*** Available records Section Begins ***

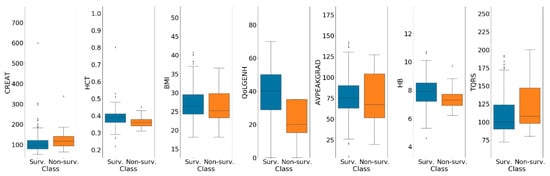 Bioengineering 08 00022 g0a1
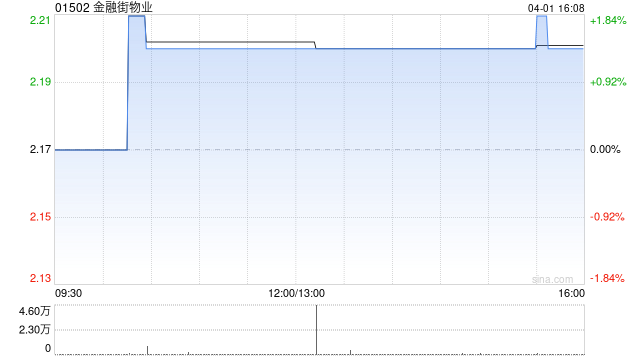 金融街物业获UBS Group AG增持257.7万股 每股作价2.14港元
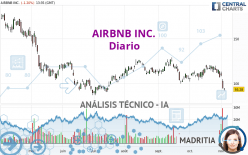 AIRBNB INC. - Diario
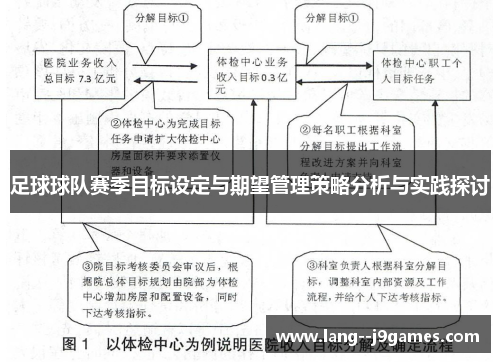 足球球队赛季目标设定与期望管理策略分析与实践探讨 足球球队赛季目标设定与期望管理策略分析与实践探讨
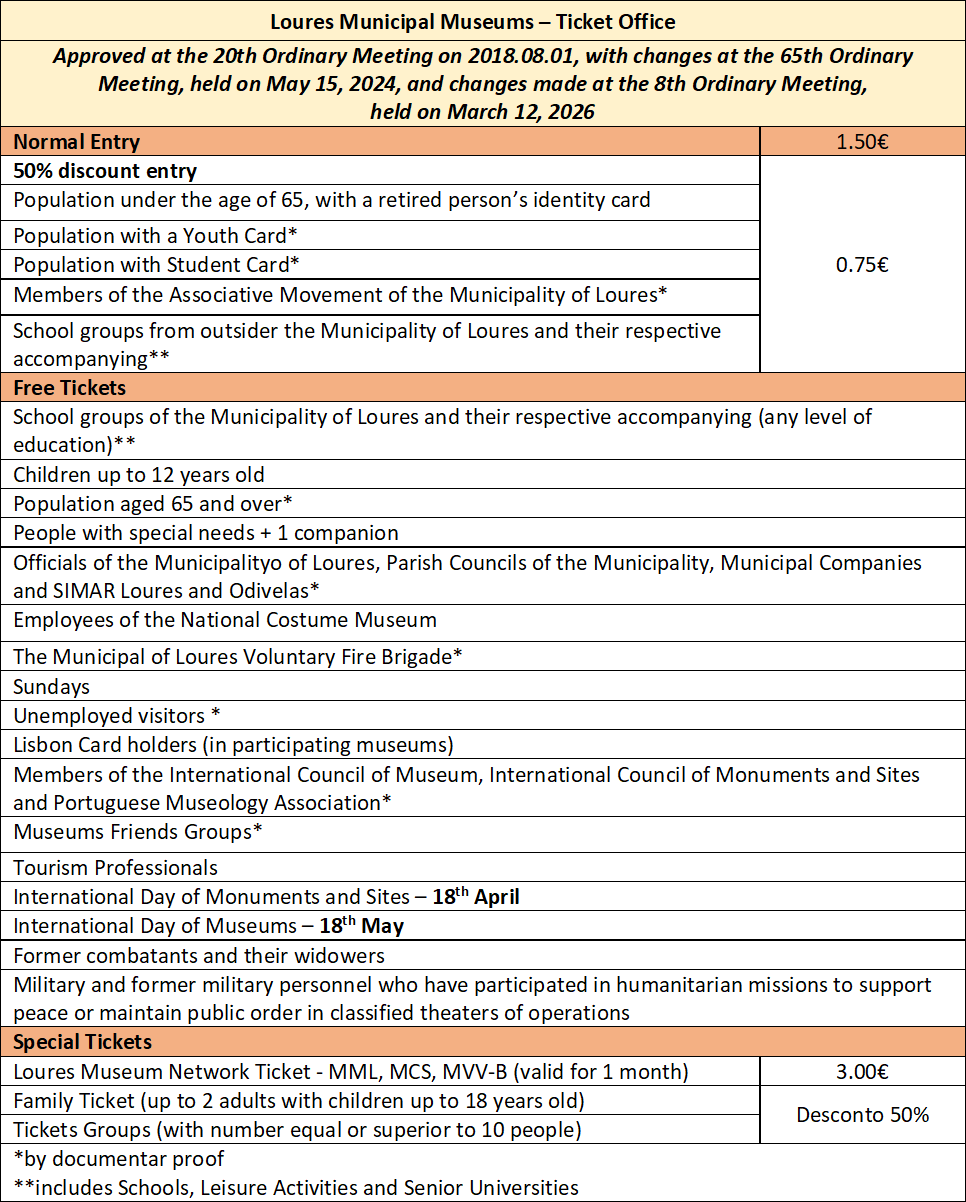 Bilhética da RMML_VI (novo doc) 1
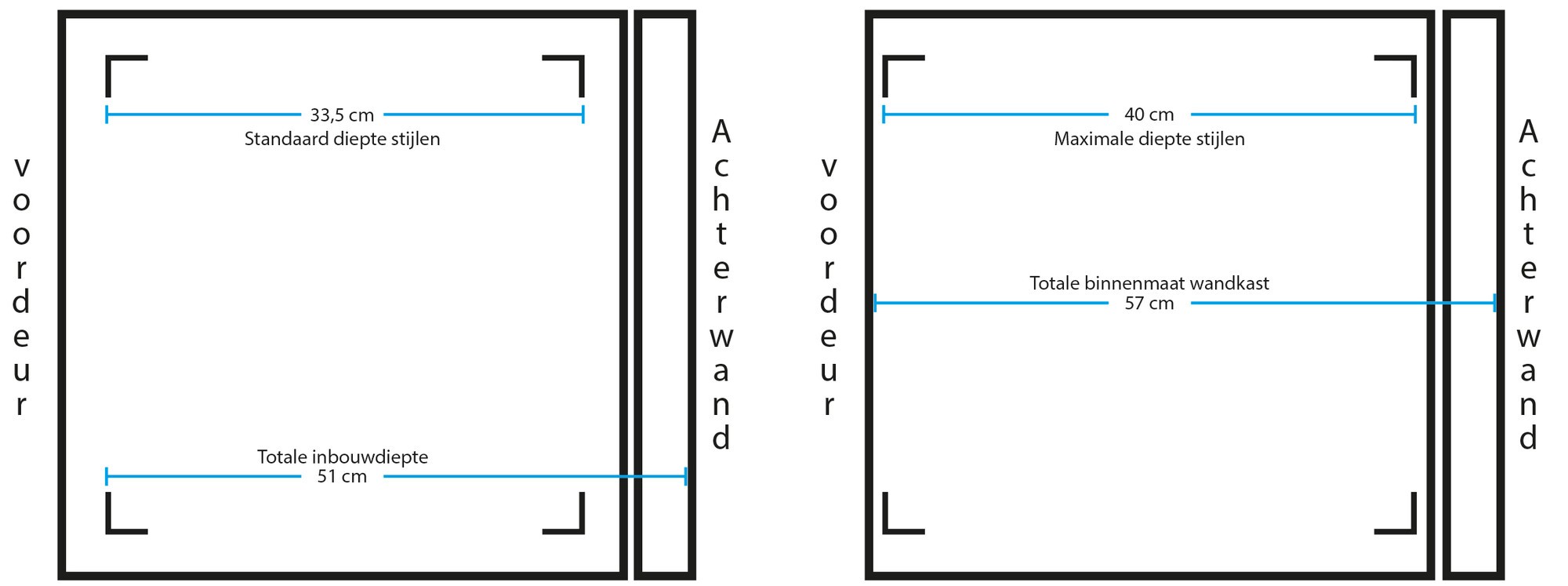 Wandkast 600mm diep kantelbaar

*** Available records Section Ends ***

▶ **Prompt**
An exact copy is needed of every line from the line containing "Bilhética da RMML_VI (novo doc) 1" to the last line of the records; pictures stay out of it.

▶ **Response for this exercise**
 Bilhética da RMML_VI (novo doc) 1
 Wandkast 600mm diep kantelbaar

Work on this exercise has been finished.